- **Exercise directions**
The answer is the exact run of lines in the listing below from the line containing "Jamawar sherwani for" up to and including the line containing "Colorful metal lobster", with pictures removed.

- **Data in this exercise**

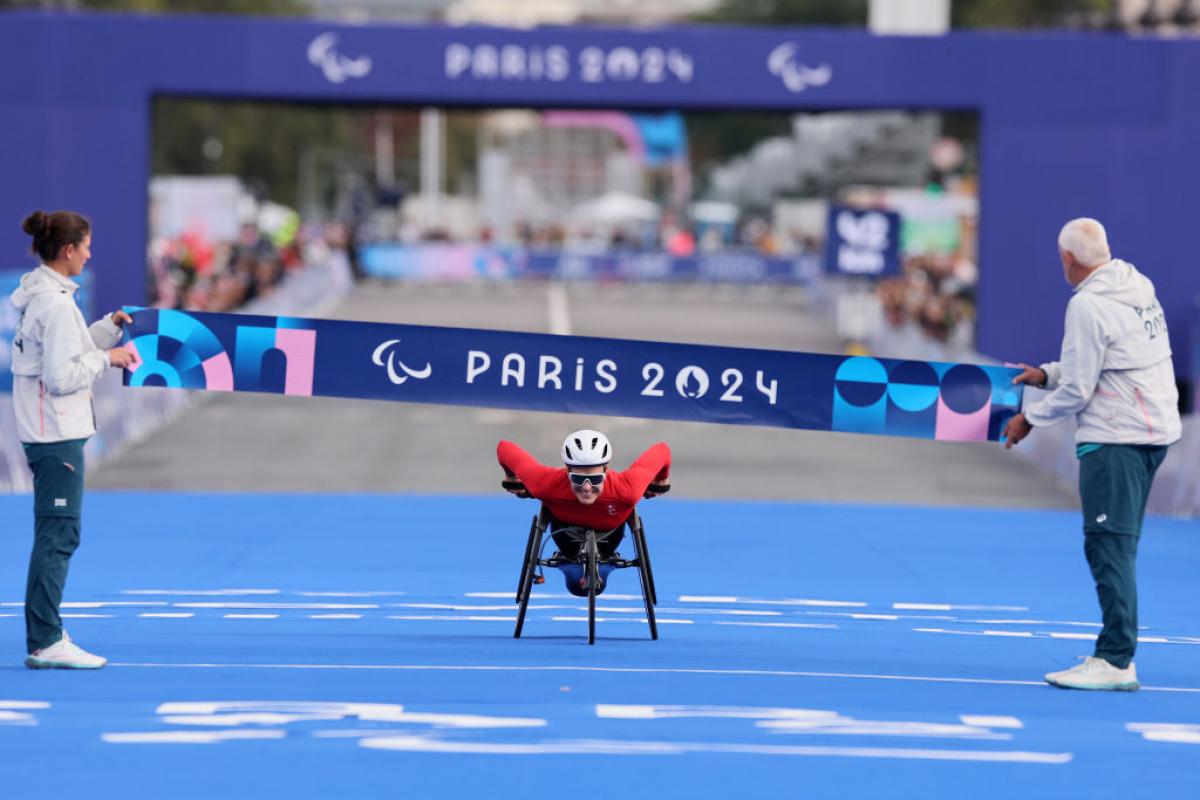 Woman in white helmet, sunglasses and red outfit leans forward in her racing wheelchair with a big smile as she approaches the finish line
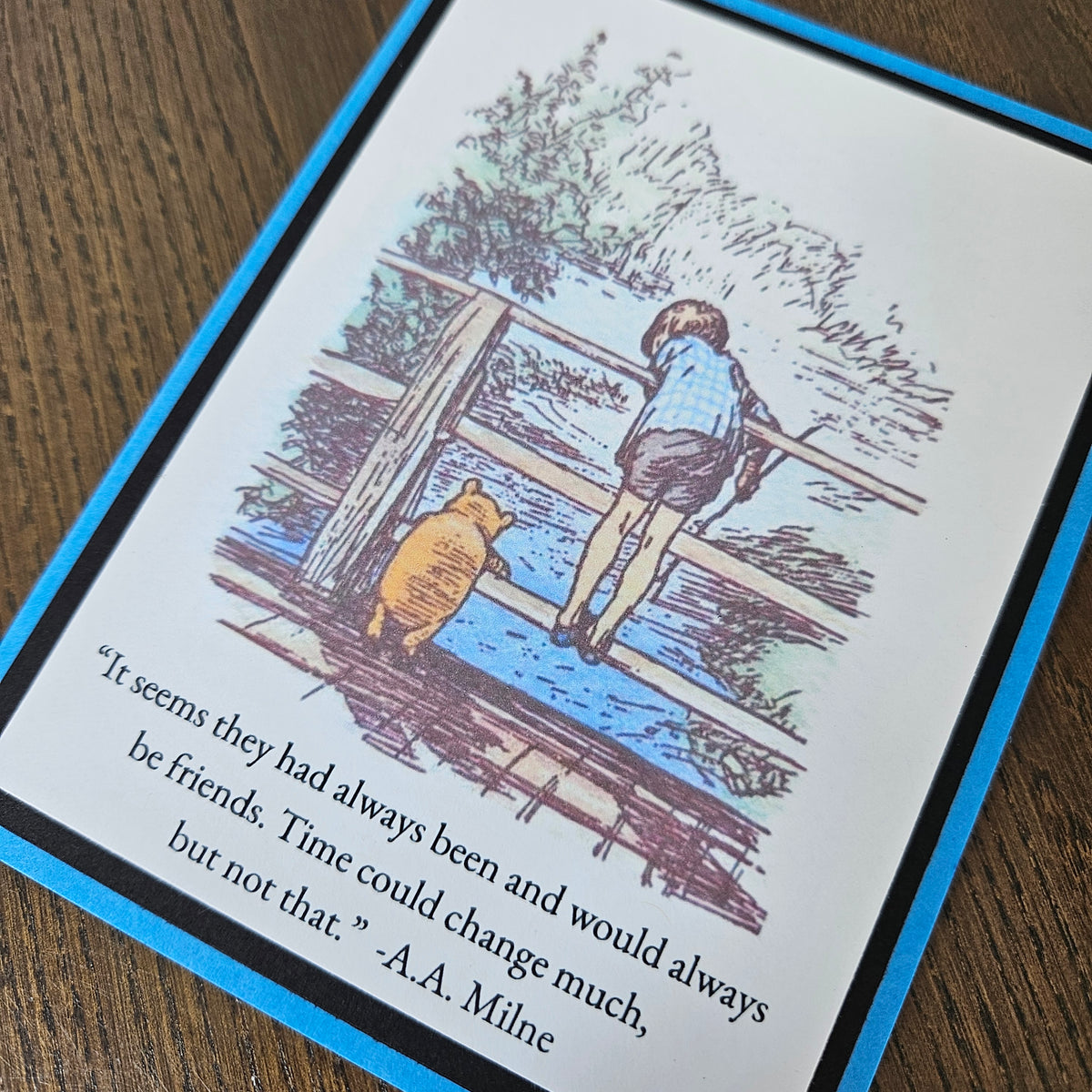 A square printed card or book page featuring a Winnie-the-Pooh illustration with a child and bear by a river, plus a quote from A.A.
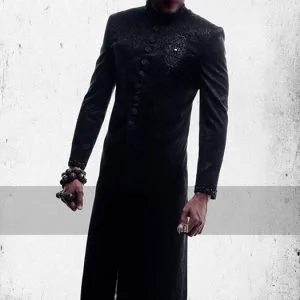 Jamawar sherwani for men in black colour, embroidery on sleeves cuff, motif and buttons detail on sherwani front
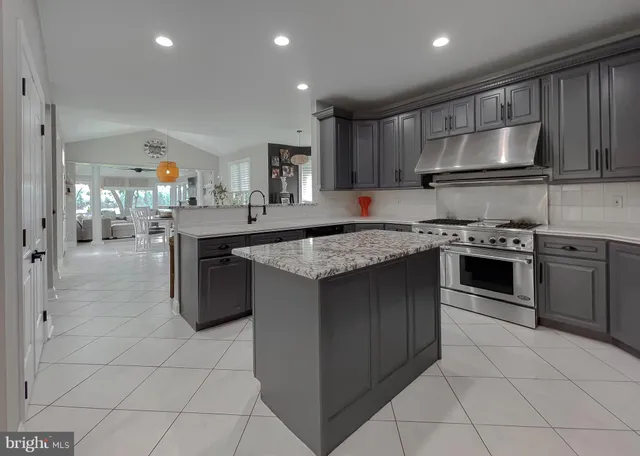 a living room with furniture a fireplace and window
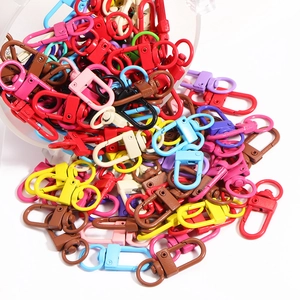 Colorful metal lobster clasps for DIY keychains and bags in various vibrant painted finishes
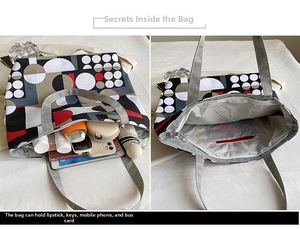 Detail view of printed canvas tote bag interior showing the main zipper pocket and capacity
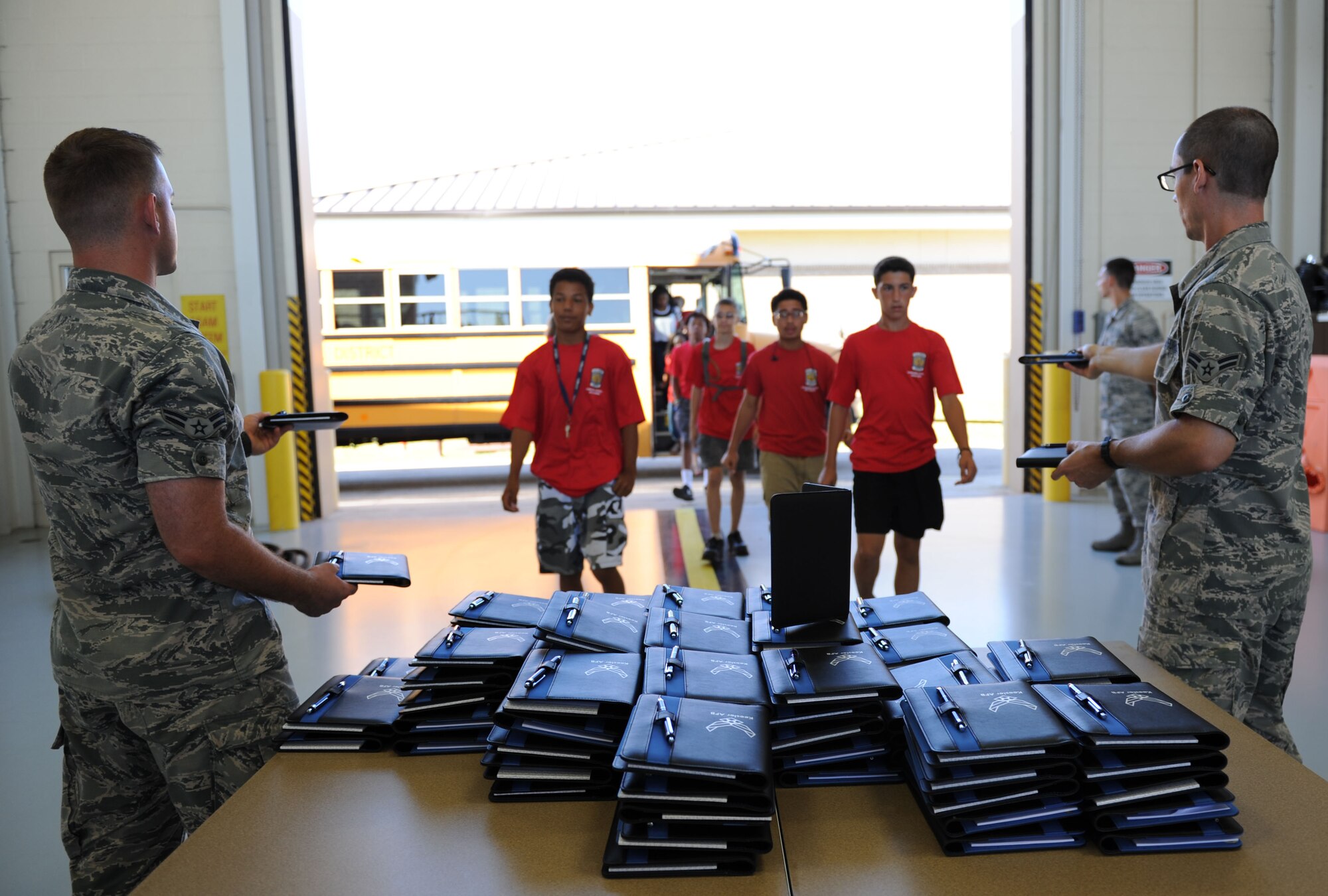 Airmen 1st Class Joshua Moorehead and Joseph Webb, 338th Training Squadron students, hand out notebooks to students from Harrison Central High School as they arrive to the STEM (science, technology, engineering and mathematics) Diversity Outreach Day Sept. 18, 2015, at the fuel cell hangar, Keesler Air Force Base, Miss. The event consisted of 10 Mississippi gulf coast high school Junior ROTC units and science students viewing a staged crime scene, participating in a “brainiacs” test and visiting informative booths about Air Force opportunities and accession requirements with an emphasis on STEM. (U.S. Air Force photo by Kemberly Groue)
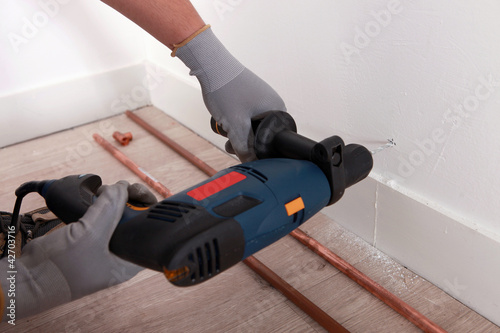 someone drilling a hole in a wall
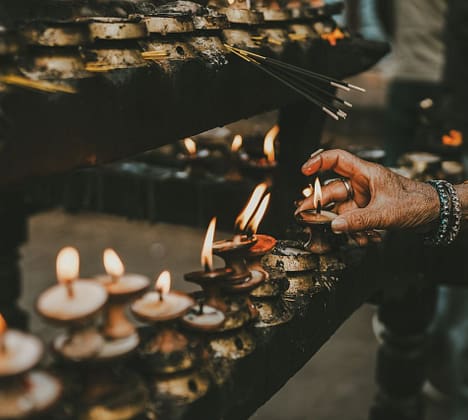 hero-img-02 Hand lighting oil lamps during a traditional ritual with incense sticks, creating a spiritual and serene atmosphere.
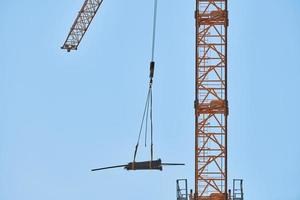 Construction crane working on building complex photo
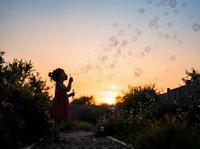 Young girl blowing soap bubbles at sunset in garden, silhouetted against golden sky with trees and fence, childhood wonder and outdoor play concept.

- **Response below**
 Jamawar sherwani for men in black colour, embroidery on sleeves cuff, motif and buttons detail on sherwani front
 a living room with furniture a fireplace and window
 Colorful metal lobster clasps for DIY keychains and bags in various vibrant painted finishes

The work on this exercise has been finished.